Now… before we begin – please note that the free version of PcHunter works on 32- and 64- bit Windows 10, and can’t be used commercially. This is explained in the About tab:
With that out of the way, we can explore the main interface.
When you execute the main 64-bit .exe (PCHunter64.exe) you will be presented with this UI:
The interface is (not a surprise) similar to GMER/RKU and to Kernel Detective.
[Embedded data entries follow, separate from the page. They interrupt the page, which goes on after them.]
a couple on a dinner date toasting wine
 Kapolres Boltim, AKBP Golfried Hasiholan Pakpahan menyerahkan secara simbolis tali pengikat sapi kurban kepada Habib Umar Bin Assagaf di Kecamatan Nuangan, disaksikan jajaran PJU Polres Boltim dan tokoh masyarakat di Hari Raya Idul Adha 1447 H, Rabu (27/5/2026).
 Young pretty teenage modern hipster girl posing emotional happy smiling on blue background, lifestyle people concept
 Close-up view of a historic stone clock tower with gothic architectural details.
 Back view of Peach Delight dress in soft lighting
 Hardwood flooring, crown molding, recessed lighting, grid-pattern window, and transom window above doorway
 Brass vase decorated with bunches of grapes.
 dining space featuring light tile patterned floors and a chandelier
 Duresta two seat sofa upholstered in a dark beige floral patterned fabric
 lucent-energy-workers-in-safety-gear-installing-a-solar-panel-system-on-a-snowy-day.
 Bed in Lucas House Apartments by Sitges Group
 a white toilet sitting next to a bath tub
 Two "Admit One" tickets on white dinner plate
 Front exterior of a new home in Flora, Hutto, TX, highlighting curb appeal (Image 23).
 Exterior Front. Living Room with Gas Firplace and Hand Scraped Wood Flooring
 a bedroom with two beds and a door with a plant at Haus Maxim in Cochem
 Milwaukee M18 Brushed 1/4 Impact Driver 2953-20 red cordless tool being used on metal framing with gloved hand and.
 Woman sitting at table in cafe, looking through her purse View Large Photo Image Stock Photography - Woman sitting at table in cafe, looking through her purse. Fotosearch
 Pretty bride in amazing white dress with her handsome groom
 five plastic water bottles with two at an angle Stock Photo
There is a bunch of tabs we can browse through and which explore the Windows 10 internals in details:
- List of processes
- Kernel Modules
- Kernel ‘Stuff’
- Notify routines (e.g. these that notify the driver about a new process being created)
- Filter
- DPC Timer
- Worker thread
- Hal
- Wdf
- File System
- System Debug
- Object Hijack
- Direct IO
- GDT
- Ring0 Hooks (including IRP+inline)
- SSDT
- ShadowSSDT
- FSD
- Keyboard
- I804prt
- Mouse
- Partmgr
- Disk
- Atapi
- Acpi
- Scsi
- Kernel Hook
- Object Type
- IDT
- Ring3 Hooks
- Message Hooks
- Process Hook
- KernelCallbackTable
- Network
- Port
- Tcpip
- Nsiproxy
- Tdx
- Ndis Handler
- IE Plugin
- IE Shell
- SPI
- Hosts file
- Registry (browser)
- File (system browser)
- Startup Info
- Startup
- Services
- Scheduled task
- Other
- File Association
- IFEO (Image File Execution Options)
- IME/TIP
- Firewall Rule
- User Name
- Other (additional tools)
- Examination (forensic-like report)
- Setting
- About
I am not going to include more screenshots. Download. Test. Make up your mind.
I think the tool is pretty cool and worth at least checking.